▶ _SUPPLIED INFORMATION_
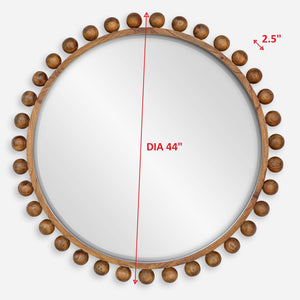 Cyra Wood Round Mirror, Walnut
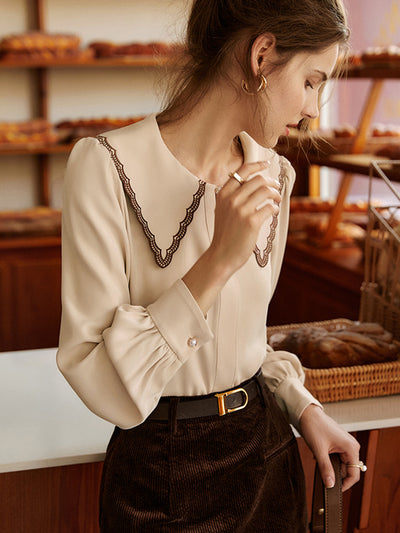 Lauren French Style Embroidered Doll collar Chiffon Blouse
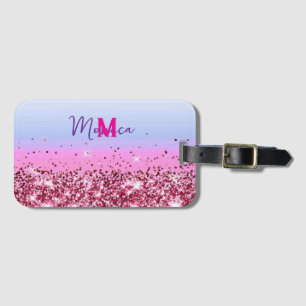 Cut pink Turquoise Purple glitter Faux Glitter Luggage Tag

▶ _ASSIGNMENT_
The whole listing is to be retyped exactly, with its pictures removed.

▶ _EXPECTED ANSWER_
 Cyra Wood Round Mirror, Walnut
 Lauren French Style Embroidered Doll collar Chiffon Blouse
 Cut pink Turquoise Purple glitter Faux Glitter Luggage Tag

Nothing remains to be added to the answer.